## What is expected
Exactly the line with "2718 S High Street, Muncie, IN 47302" and the lines that follow it, through the closing line of the entries, should be restated, with nothing left out or added.

[Stored data entries]
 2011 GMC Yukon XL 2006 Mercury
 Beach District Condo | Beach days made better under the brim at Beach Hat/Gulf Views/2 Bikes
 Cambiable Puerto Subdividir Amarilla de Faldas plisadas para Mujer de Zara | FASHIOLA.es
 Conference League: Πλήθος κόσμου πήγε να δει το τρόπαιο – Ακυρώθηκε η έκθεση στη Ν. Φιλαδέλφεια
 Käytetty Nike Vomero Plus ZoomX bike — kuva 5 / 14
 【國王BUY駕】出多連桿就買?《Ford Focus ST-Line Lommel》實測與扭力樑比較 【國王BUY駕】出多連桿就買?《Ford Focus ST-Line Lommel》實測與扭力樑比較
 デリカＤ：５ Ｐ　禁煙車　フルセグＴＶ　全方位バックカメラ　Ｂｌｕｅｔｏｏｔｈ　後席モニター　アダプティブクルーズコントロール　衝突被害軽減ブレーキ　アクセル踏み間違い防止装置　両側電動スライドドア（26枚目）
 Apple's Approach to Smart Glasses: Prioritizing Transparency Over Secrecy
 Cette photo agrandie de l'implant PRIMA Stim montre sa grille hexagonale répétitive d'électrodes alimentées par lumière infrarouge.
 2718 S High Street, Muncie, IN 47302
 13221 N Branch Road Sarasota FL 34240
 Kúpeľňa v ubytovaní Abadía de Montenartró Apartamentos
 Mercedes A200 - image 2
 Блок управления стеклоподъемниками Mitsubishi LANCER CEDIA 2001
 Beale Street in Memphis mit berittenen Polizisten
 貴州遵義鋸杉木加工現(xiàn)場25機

## Task output
 2718 S High Street, Muncie, IN 47302
 13221 N Branch Road Sarasota FL 34240
 Kúpeľňa v ubytovaní Abadía de Montenartró Apartamentos
 Mercedes A200 - image 2
 Блок управления стеклоподъемниками Mitsubishi LANCER CEDIA 2001
 Beale Street in Memphis mit berittenen Polizisten
 貴州遵義鋸杉木加工現(xiàn)場25機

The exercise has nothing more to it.